:: Data for this task ::
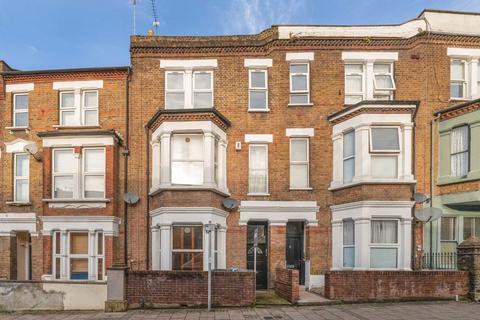 2 bedroom flat for sale, Glengall Road, London NW6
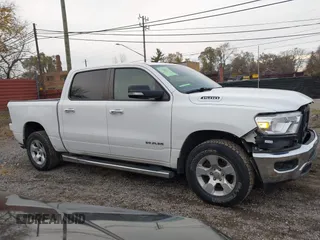 2020 Ram 1500 Big Horn z VIN 1C6RRFFG5LN284440, wystawiony jako IAAI lot #40975635 z przebiegiem 105 400 mil mil oraz . Historia ofert i sprzedaży dostępna na DreamBid. Obrazek 14.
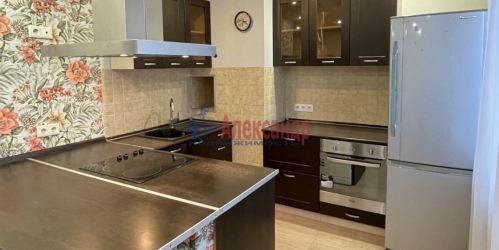 3-комн квартира Уточкина ул. ,  д. 2,  к. 2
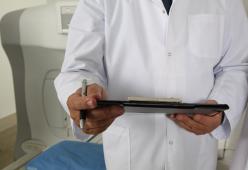 Primari in pensione offrono cure gratis a chi non può permettersele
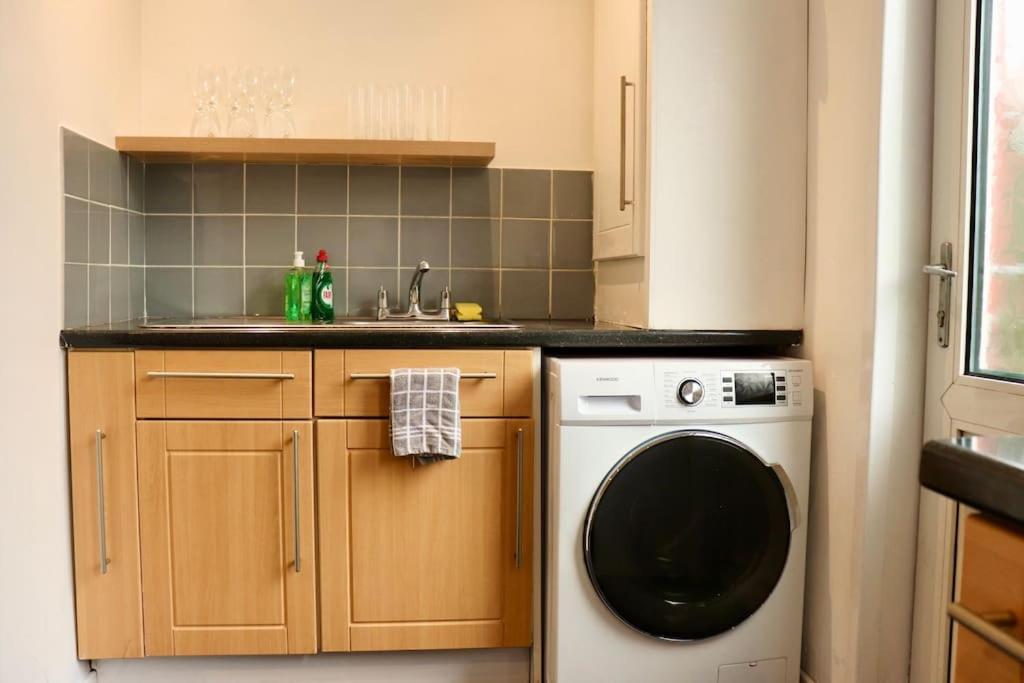 לידס Charming 3 Bedroom Property Free Wifi & Parking מראה חיצוני תמונה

:: Work request ::
Nothing but the lines from the line containing "2020 Ram 1500" through the last line of the listing above should appear, output exactly, with no pictures.

:: Solution to this problem ::
 2020 Ram 1500 Big Horn z VIN 1C6RRFFG5LN284440, wystawiony jako IAAI lot #40975635 z przebiegiem 105 400 mil mil oraz . Historia ofert i sprzedaży dostępna na DreamBid. Obrazek 14.
 3-комн квартира Уточкина ул. ,  д. 2,  к. 2
 Primari in pensione offrono cure gratis a chi non può permettersele
 לידס Charming 3 Bedroom Property Free Wifi & Parking מראה חיצוני תמונה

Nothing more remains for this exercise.